And when I look back over these 5 years, it's bittersweet.
When I think about how far I've come in 5 years, it's bittersweet.
5 years ago, I was not in a good place.
5 years ago, I was not the same person I am today.
5 years ago, I would have given anything to be the weight I'm at today.
But 5 years later, I am still not so happy with my weight.
At the beginning of 2016 I made a *goal* to get to 110lbs.
I was 104lbs, so 6lbs sounded pretty easy.
At the end of 2016, I was 103lbs.
Over the course 2016, the highest I got was 107.5lbs.
2016 was a shitty fucking year.
We got "conned" out of our house and was forced to move.
We moved 35 minutes away from everything I grew up around.
And although 35 minutes doesn't sound like much,
When you have a toddler who hates her car seat, it is A LOT.
I get to see my best friend once every couple of weeks.
I can't just pop in the car and go to Walmart whenever I'm out of something.
Financially, 2016 screwed us.
Because of the move, our bills went up 650$ a month.
No one wants to hire me because besides my cleaning business,
It's been 3 years since I've had an application worthy job.
I've been applying almost every day with no call backs and it's wearing on me.
I feel like a failure as a wife because I can't even help T out with bills.
I feel like a failure as a mother because I can't buy even little things for my kids.
They get what they need, but not what they want.
Because of all the stress, my patience for pretty much anything is minimal.
I'm working on month 9 of this everyday migraine.
Sometimes headache medicine works, but only for a couple of hours, then I'm taking more.
Alright, I'm sorry, that was just a whole bunch of unnecessary bitching.
Although I can't control outside forces, I AM GOING TO TRY TO MAKE 2017 BETTER!
This year my goals (not resolutions) include:
*Continue my journey to a healthy weight* I'm not going to set a specific number. Instead, I'm going to vamp up my workout routine (with very little cardio) and eat more
*Start my cupcake business* I am so passionate about baking and I take pride in my work. I would love to be able to get approved for a loan to start my business. Also, this would help with our money situation.
*Quit smoking* I know this is something that needs to happen. My breathing is worse than ever.

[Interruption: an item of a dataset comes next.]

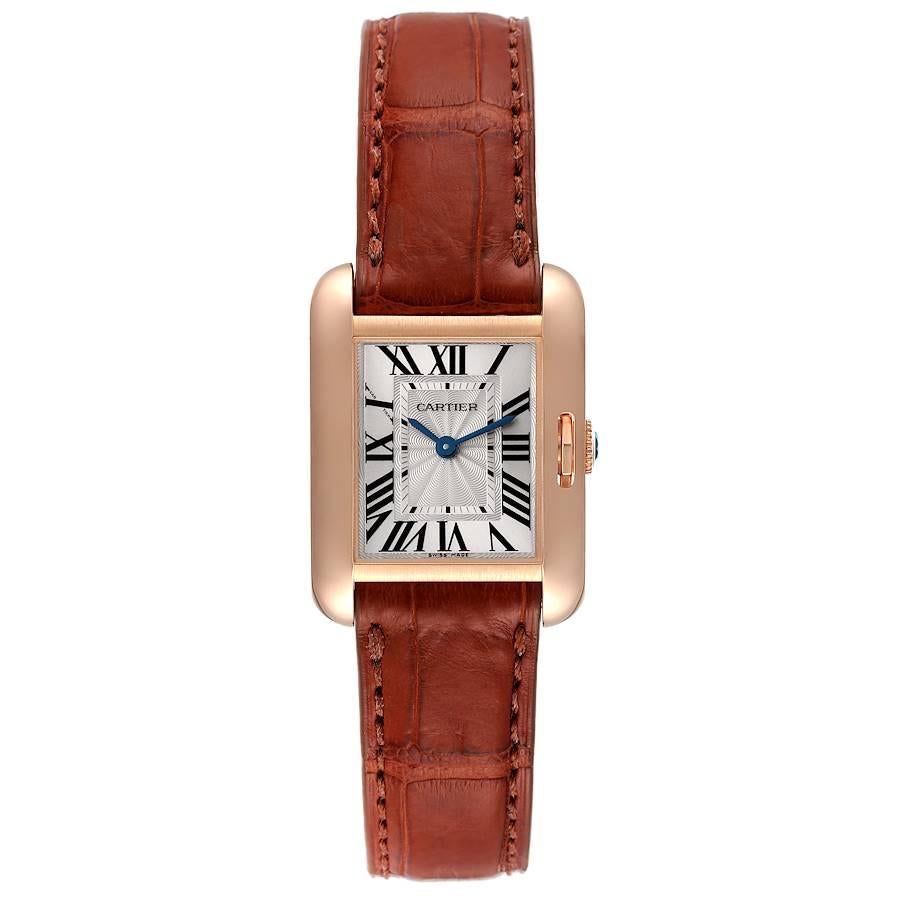 Cartier Tank Anglaise 18K Rose Gold Small Ladies Watch W5310027. Quartz movement. 18K rose gold case 30 x 23 mm. Circular grained crown set with the blue sapphire. . . Flinque silvered dial with roman numerals. Sword shaped blue hands. Secret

I don't actually enjoy it anymore. It's a habit that doesn't benefit myself or my children. It's expensive and I always smell like cigarettes. I know that this one is going to be harder because T smokes as well. But I know a part of him wants to quit as well.
*More self care* I don't get nearly enough time for the things that I enjoy. I want to read more. I want to take more baths. I want to have more time to hoop, even if it's only 15-20 minutes a day. I want to write more as well, whether it be here or in my journal. And quit picking my skin! I absolutely can not stand how bad my face looks because I've been picking since I was 13.
*Buy our own home* Or at least be in the process of buying. This is something we've been trying since May 2016, but every time we started, something else would get in the way. Because 2016 sucked!
So there may be more, but I think this is a good start. I will write things on little sticky notes and stick them all over the house if I have to. These are the things that need to happen this year.